GPU Kernel Stats Tool

You can use the GPU Kernel Stats tool to see performance statistics and the originating framework operation for every GPU-accelerated kernel that was launched during a profiling session. This tool helps identify potential bottlenecks at a low level and surfaces optimization opportunities.

Supported Platforms

GPU: Supported

TPU: Not supported

Interface Components

The GPU Kernel Stats tool interface is a table with one row for each unique kernel-framework operation pair. You can click any of the column headings to sort the table accordingly. The default order is based on the total duration of the kernel-op pair.

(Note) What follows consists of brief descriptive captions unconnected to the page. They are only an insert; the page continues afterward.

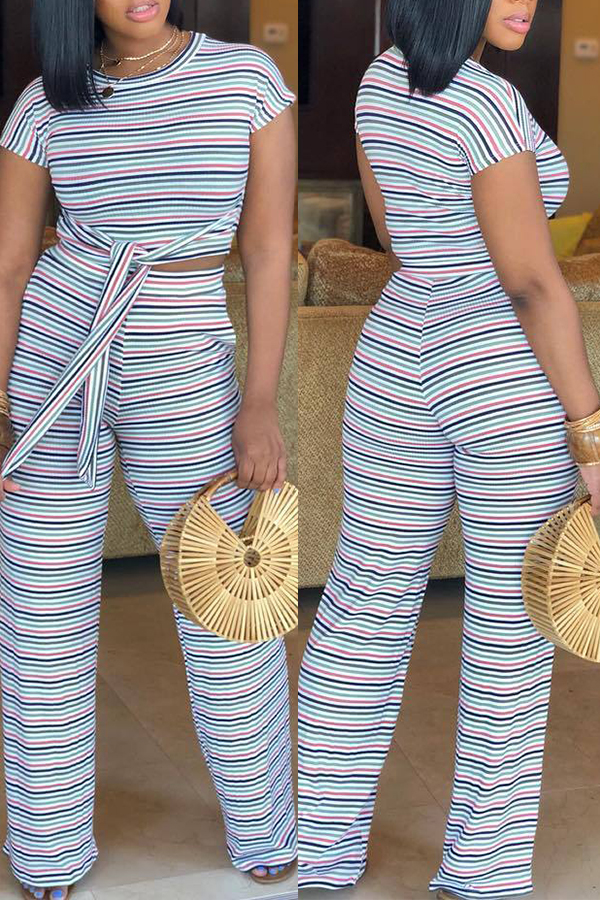

Lovely Casual Striped Blue Blending Two-piece Pants Set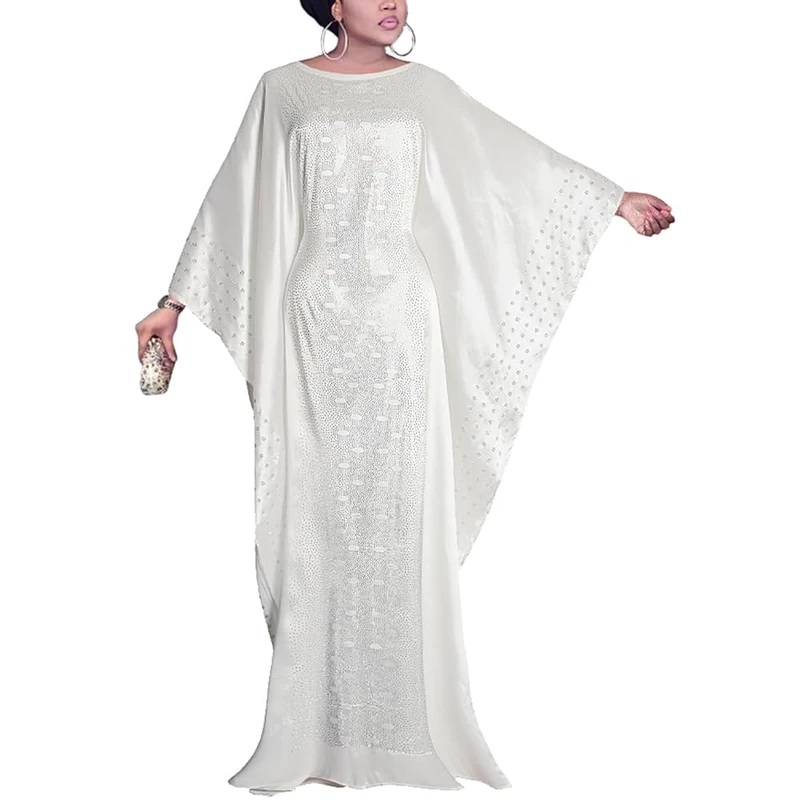 HD African Dresses for Women Fashion Beading Rhinestone Kaftan Maxi Dress, White-87（with Inner Belt Version）, One Size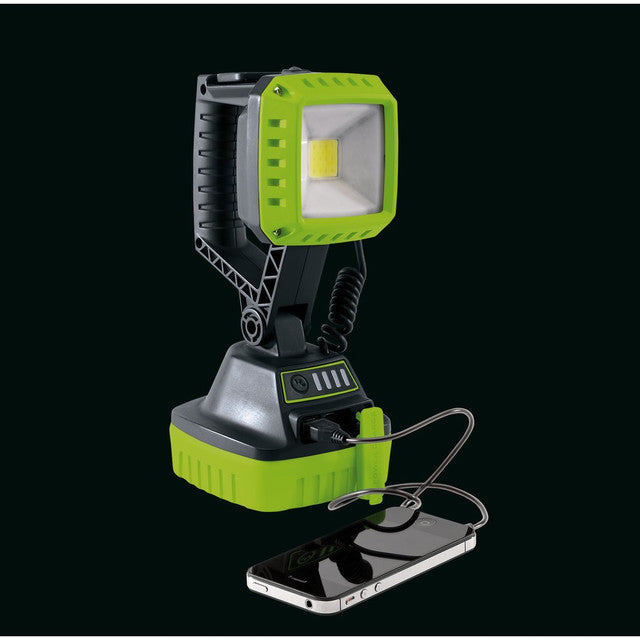 DRAPER COB LED RECHARGEABLE WORKLIGHT, 10W, 1,000 LUMENS, GREEN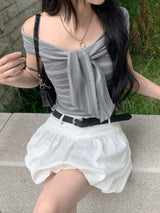 [🖤MD PICK] シネマストライプタイオフショルダートップ (Gray)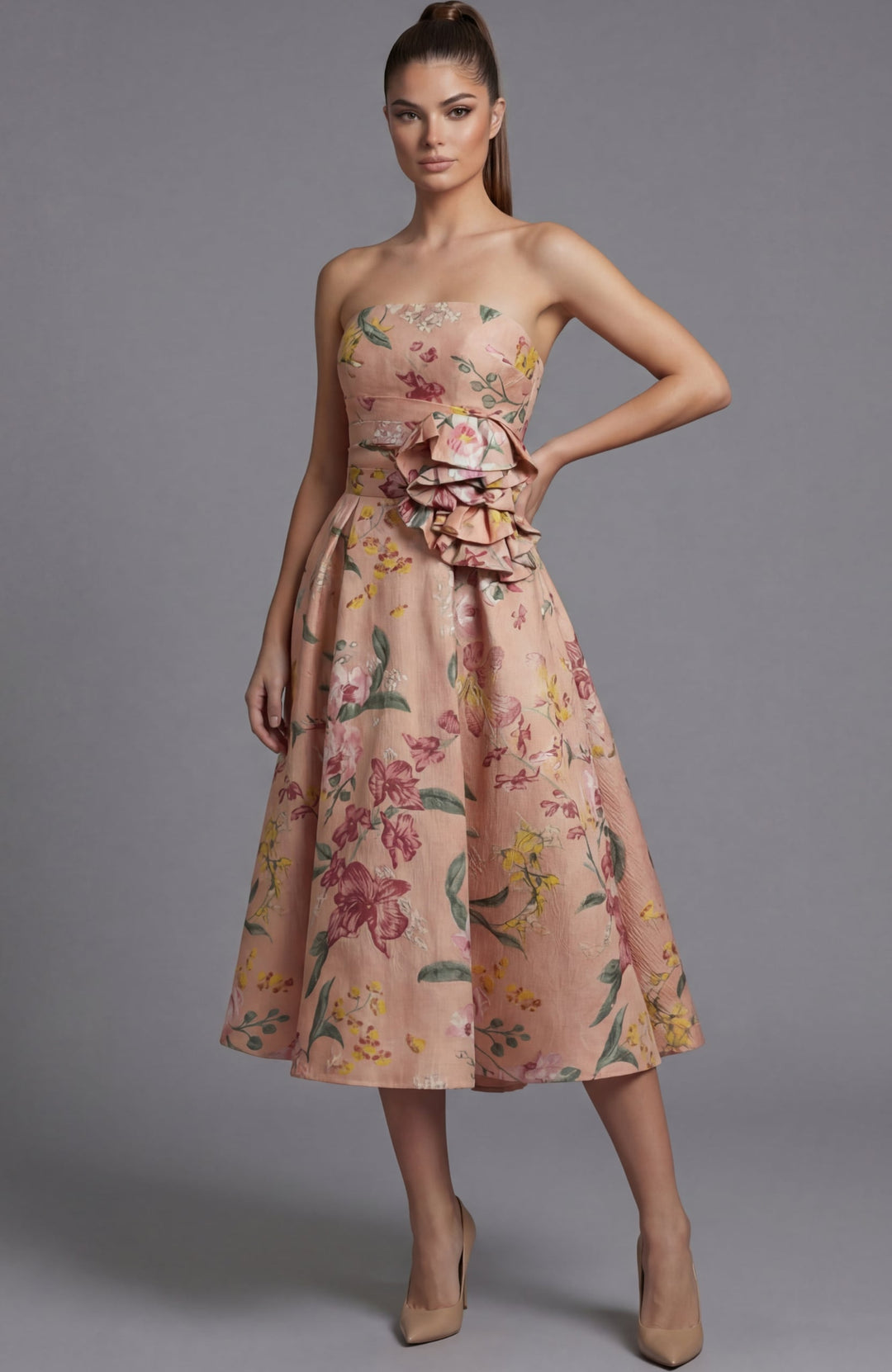 Jovani 46241 floral A-line midi dress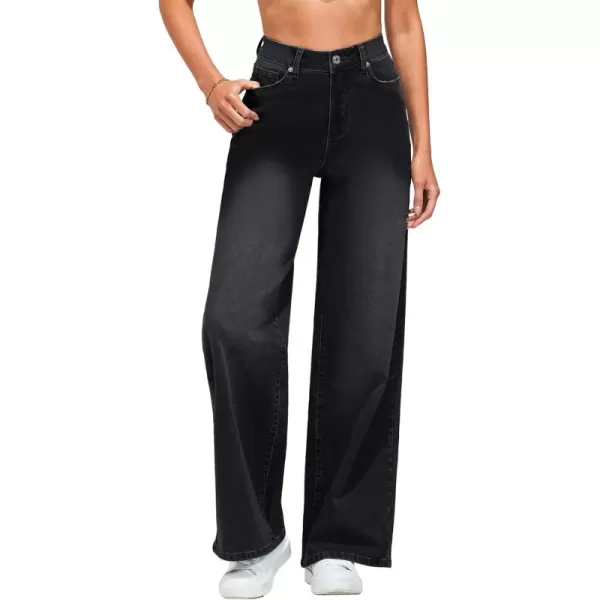 GRAPENT Wide Leg Jeans for Women Trendy High Waisted Stretchy Denim Pants 90s Baggy Jeans Trouser Jeans with PocketsTrue Black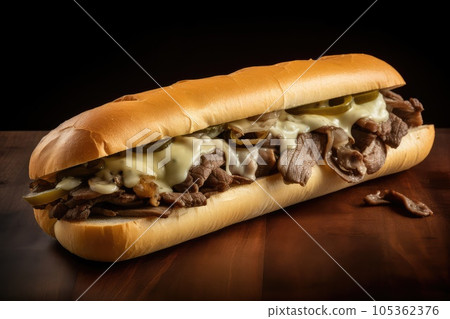 Cheese Steak Sandwich, Philly Cheesesteak with Onions, Mushroom, Provolone, Abstract Generative AI Illustration 105362376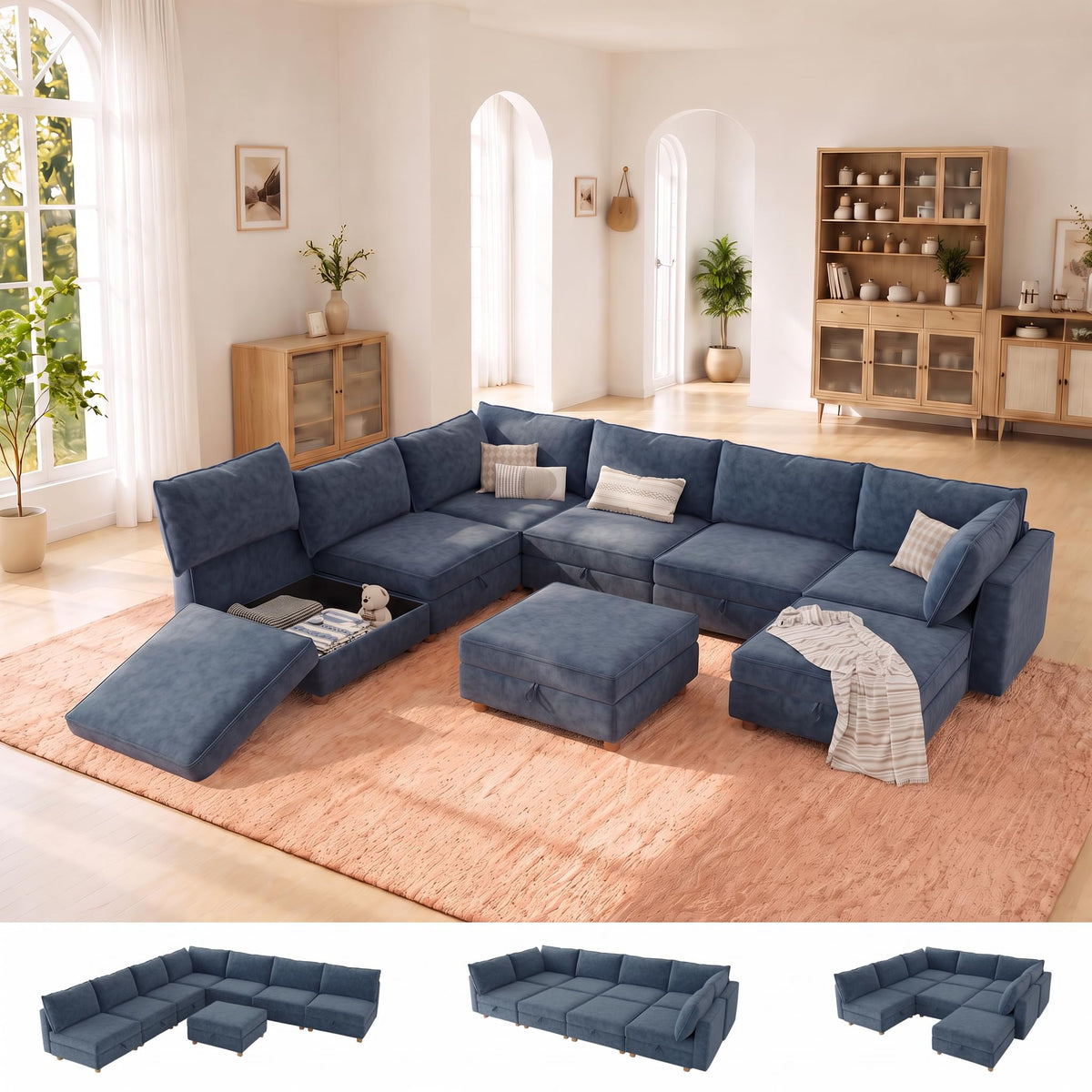 128'' Modular Sectional Sofa,8 Seat Chenille Sectional Sofa with Washable Covers,FSC Certified Modern Sectional Sofa with Storage & Ottoman,Convertible U/L Shaped Couch,Beige Couches for Living Room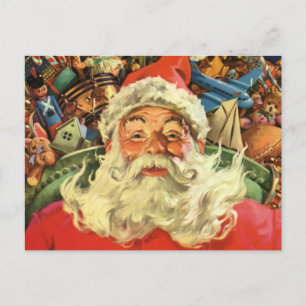 Cartes Pour Fêtes Annuelles Père Noël vintage de Noël dans un traîneau avec de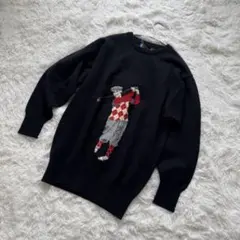 スコットランド製 ピュアカシミヤ100% ニット ゴルファー クルーネック 黒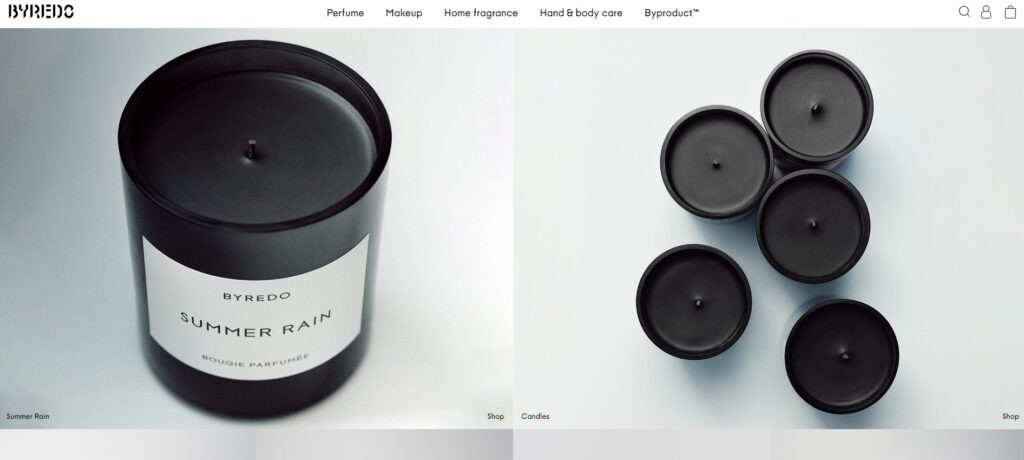 Color black in branding- byredo.com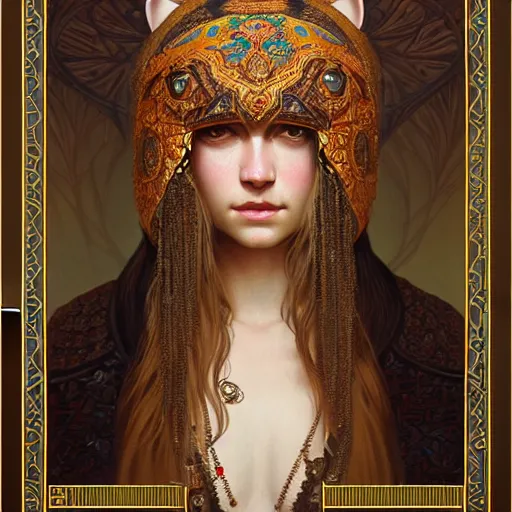 Image similar to a portrait of a female bear hybrid, upper half portrait, decorated with russian motifs, russian shaman, siberia, traditional russia, intricate, elegant, highly detailed, symmetry, headpiece, digital painting, artstation concept art smooth sharp focus, illustration, art by artgerm and greg rutkowski alphonse mucha 8 k
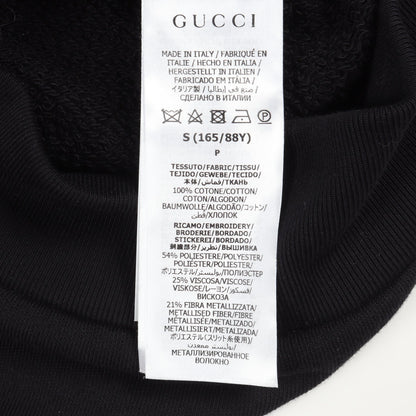 タイガー 刺繍 スウェットシャツ コットン ブラック ゴールド グッチ トップス GUCCI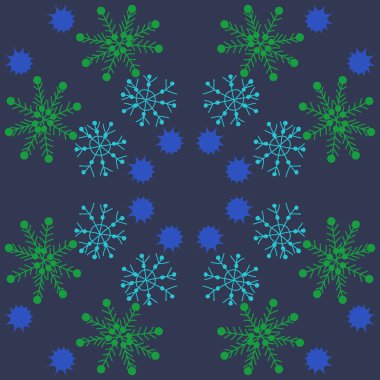 Kar taneleri ile kış motifi dikişsiz desen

The table includes the following information for each kernel-op pair:

  • Kernel name: The name of the kernel that was launched.
  • Registers per thread: The number of GPU registers used by the kernel per thread.
  • Shared memory used: The total size of shared memory used by the kernel in bytes.
  • Block dimension: The dimensions of the thread block expressed as blockDim.x, blockDim.y, blockDim.z.
  • Grid dimensions: The dimensions of the grid of thread blocks expressed as gridDim.x, gridDim.y, gridDim.z.
  • Theoretical occupancy: The theoretical occupancy of the GPU expressed as a percentage. This is an indication of the ability to hide memory latency.
  • Kernel uses Tensor Core: A heuristic indicating whether the kernel itself contains Tensor Core instructions, based on the presence of common Tensor Core instructions.
  • Tensor Cores eligibility: A heuristic indicating whether the originating framework operation is eligible to use Tensor Cores, based on commonly occurring ops that employ the Tensor Core.
  • Op name: The name of the framework operation that launched this kernel.
  • Occurrences: The number of times this specific kernel-operation pair was executed during the profiling period.
  • Total duration (us): The cumulative sum of the execution time of all occurrences of this kernel-operation pair.
  • Average duration (us): The average execution time across all occurrences of this kernel-operation pair.
  • Minimum duration (us): The shortest execution time observed for this kernel-operation pair.
  • Maximum duration (us): The longest execution time observed for this kernel-operation pair.